PROVIDED ENTRIES ::
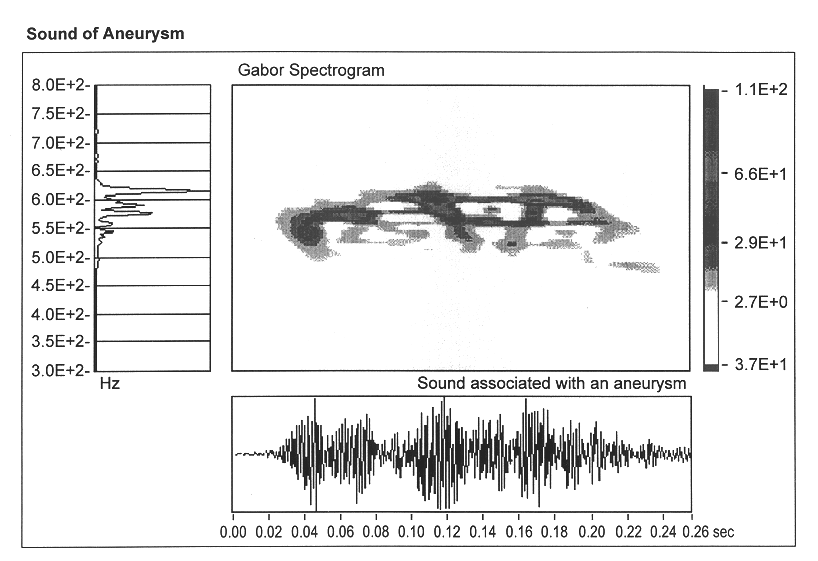 Signal analyzer system and method for computing a fast Gabor spectrogram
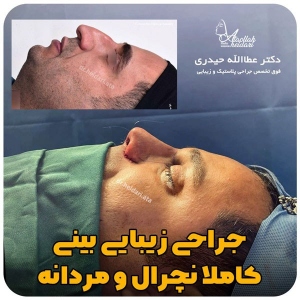 جراحی-بینی-161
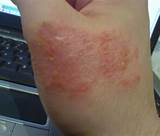 Photos of Eczema On Back Treatment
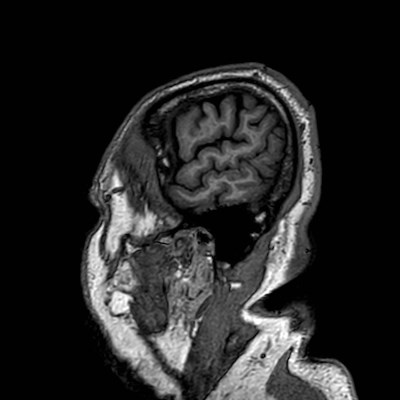 Brain metastases from lung cancer (Radiopaedia 83839-99028 Sagittal T1 9).jpg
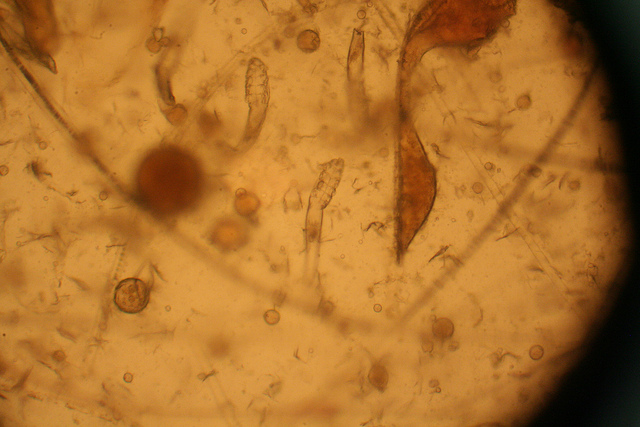 Ácaro subcutáneo bajo el objetivo del microscopio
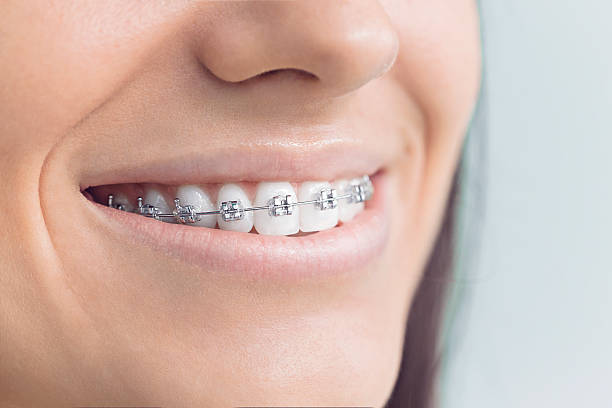 Best Teeth Whitening  in Saunders Lake, OR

WORK TO BE COMPLETED :: Everything from the line containing "جراحی-بینی-161" through the last line of the entries is to be output exactly as written, minus any pictures.

TASK RESULT ::
 جراحی-بینی-161
 Photos of Eczema On Back Treatment
 Brain metastases from lung cancer (Radiopaedia 83839-99028 Sagittal T1 9).jpg
 Ácaro subcutáneo bajo el objetivo del microscopio
 Best Teeth Whitening  in Saunders Lake, OR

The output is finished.